La propriété intellectuelle fait également débat, le Canada souhaitant préserver son secteur pharmaceutique de produits génériques quand les Etats-Unis et le Mexique se sont mis d'accord sur la protection pendant au moins dix ans des brevets des médicaments favorisant ainsi les laboratoires américains.
Le meilleur accord possible
Si le Premier ministre canadien Justin Trudeau a évoqué la "possibilité d'avoir un bon accord pour le Canada d'ici à vendredi", il a aussi une nouvelle fois souligné, devant les premiers ministres des provinces et territoires canadiens, que son gouvernement continuerait "de veiller à ce que tout éventuel accord soit le meilleur accord possible pour les Canadiens".

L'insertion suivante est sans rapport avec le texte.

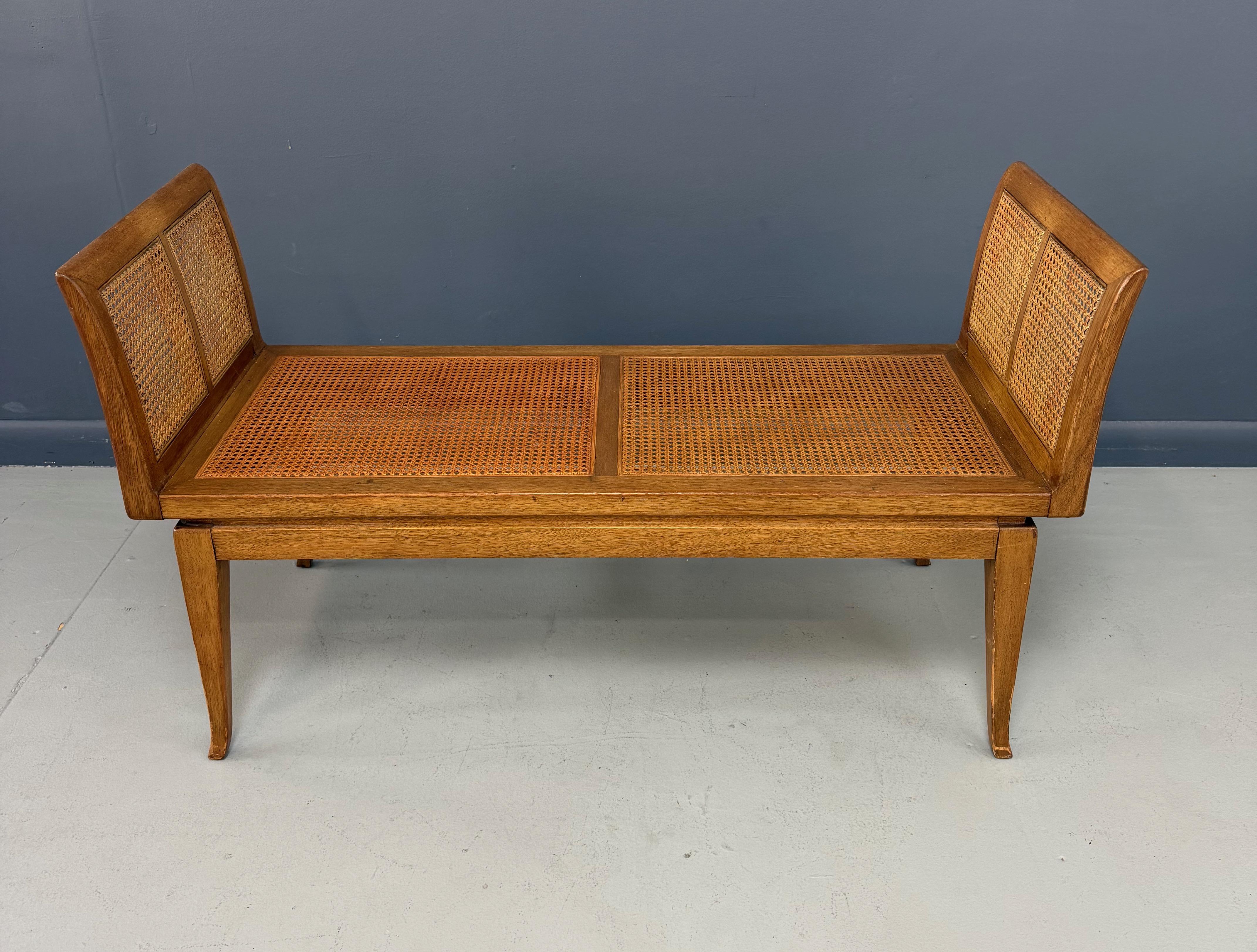 Mid-Century Fine Arts Furniture Cane Bench in Blond Mahogany For Sale 3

Le chef du gouvernement canadien fait face à la pression du calendrier politique. Des élections doivent avoir lieu dans un an et il lui faut éviter d'apparaître comme capitulant devant le président américain. Deux provinces --le Québec et le Nouveau-Brunswick-- dirigées par son parti sont déjà en campagne électorale et un accord pourrait se révéler salutaire.
Sur le front européen, le président de la Commission européenne Jean-Claude Juncker a averti que l'UE riposterait à d'éventuelles taxes américaines sur les importations d'automobiles du vieux continent, alors que le cessez-le-feu commercial entre Washington et Bruxelles semble à nouveau menacé.